Exercise brief →
Return the lines of the data below, from the one containing "2X Stainless Steel" through the very last, exactly and with both ends included; no pictures.

Data extract →
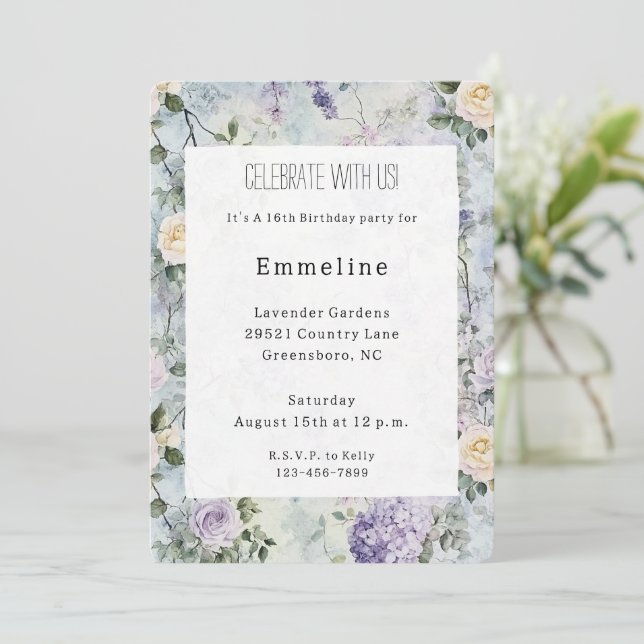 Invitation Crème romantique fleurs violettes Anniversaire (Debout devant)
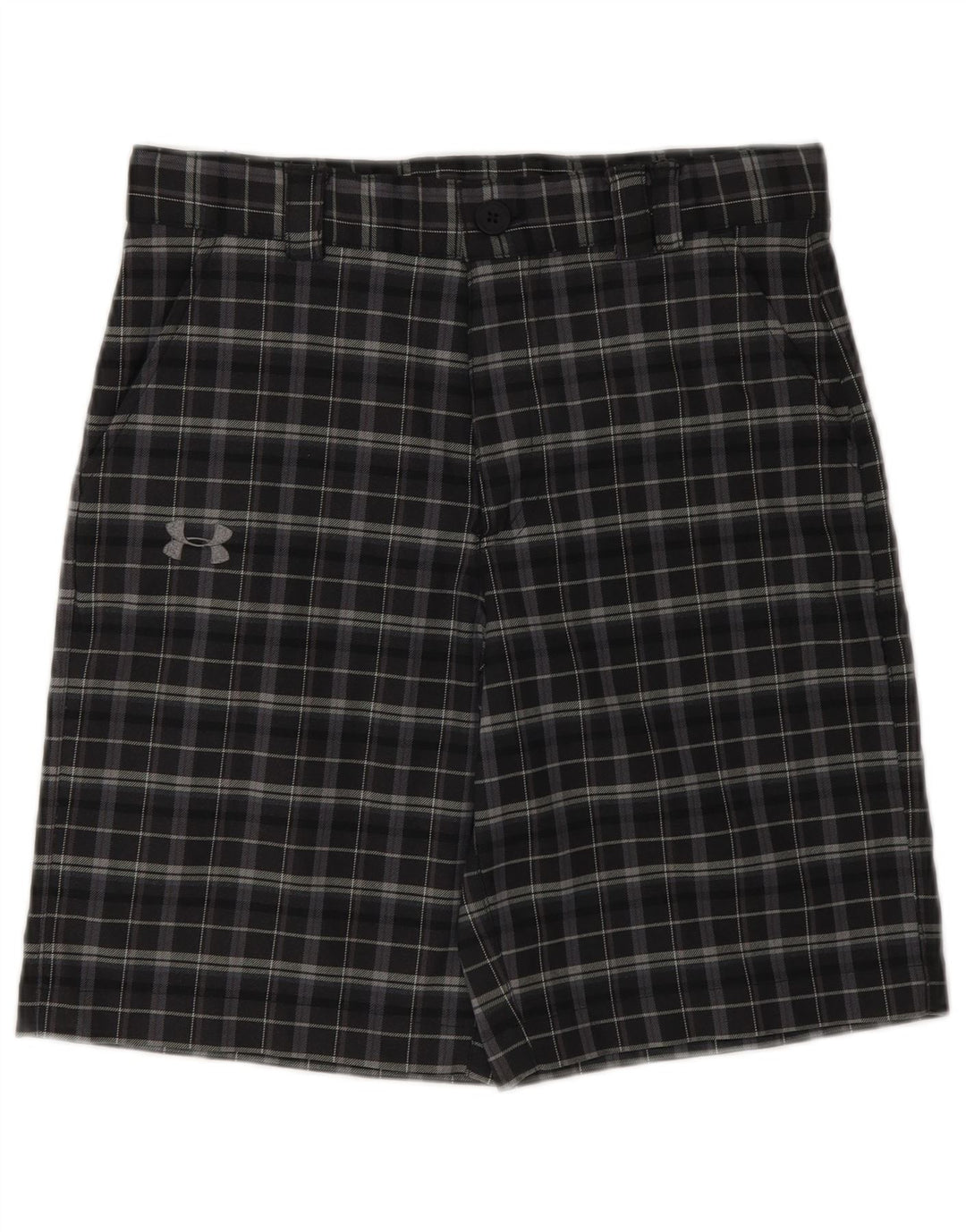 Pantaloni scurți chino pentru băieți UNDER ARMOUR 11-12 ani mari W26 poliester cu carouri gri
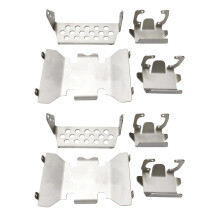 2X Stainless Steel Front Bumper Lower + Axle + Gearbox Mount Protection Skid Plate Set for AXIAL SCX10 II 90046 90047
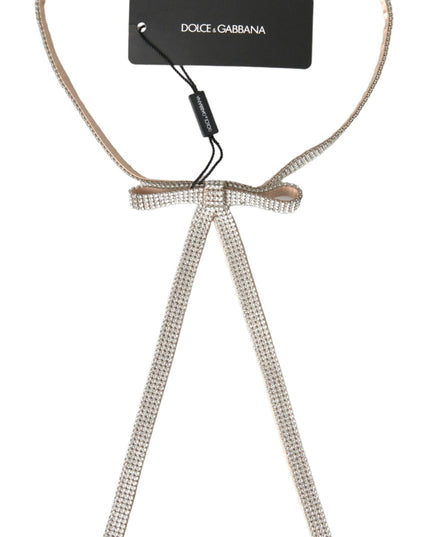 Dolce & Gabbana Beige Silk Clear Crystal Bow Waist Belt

Finished task →
 2X Stainless Steel Front Bumper Lower + Axle + Gearbox Mount Protection Skid Plate Set for AXIAL SCX10 II 90046 90047
 Dolce & Gabbana Beige Silk Clear Crystal Bow Waist Belt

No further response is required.